“I didn’t pick up on the hints for a Valentine gift” This is coming from the man who claims he can tell what a woman is thinking by the way she plays with her hair or holds her drink. First of all, show me the woman who is twirling her hair thinking only “Come and get me big boy” and I will show you a man in drag. Wake up boys, don’t you realize that the hair twirling is actually saying “Well, he’s not that bad, I guess if we were the only two people on earth, I wonder if Jane got my email, I wonder what I am going to wear to work tomorrow, Geez, is he still looking at me, I should have gotten the bigger size of pantyhose, did I set the timer on the coffee pot, he is still looking at me I guess I should give it a shot, good grief, what is this in my hair anyways”
So I figure I will test out this “I can’t pick up on hints” excuse. I go to the bathroom, put on a little lip gloss and go back in the living room and say “I got my legs all shaved” Eureeka, the eyes light up, the lips curl into a sly smile and one eyebrow raises coyly. “Yup, you are busted big boy” The only hint you are catching now is the hint of my lotion past your nose as I pass you and go straight to bed. Alone.

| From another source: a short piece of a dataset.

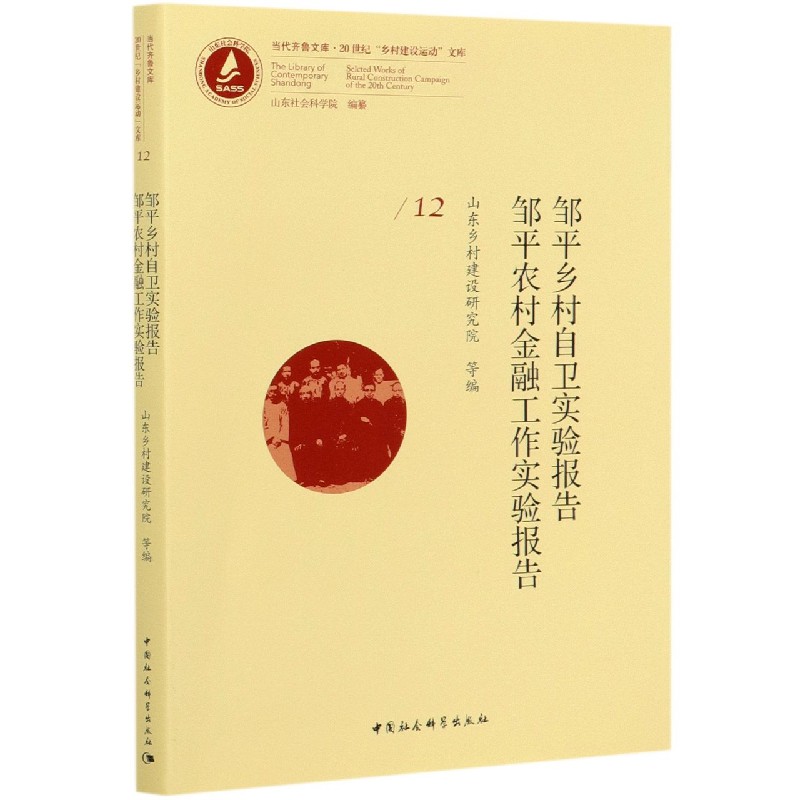 邹平乡村自卫实验报告邹平农村金融工作实验报告/20世纪乡村建设运动文库/当代齐鲁文库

The child on the other hand has been celebrating Valentine’s Day for two weeks straight. Everyday there is a new valentine in the mail and I have been sharing my box of chocolates I secretly bought myself when I bought his card 3 weeks ago. I gave her the new puppy dog covered in hearts and the card I have been reminding him to sign for 2 weeks that still just says “I love you Valentine, From Mommy” I suppose I will scrawl his name on it before I put it in her memory trunk.
When it comes down to true feelings, I know that I am his sweetheart. I really don’t need the material things to prove it. He shows it to me each and every day that he works hard to provide for us, coming up with new strategies for success in our business, being home every night, remembering I only like two ice cubes in my cola, not saying anything about the doll collection in our bedroom, listening to my dreams, supporting my endeavors and comforting my fears. Those other 364 days in the year makes up for the one day he fails at showering me with Hallmark words and mass produced chocolates.
I am thinking that next year I will demand payment up front when I twirl my hair.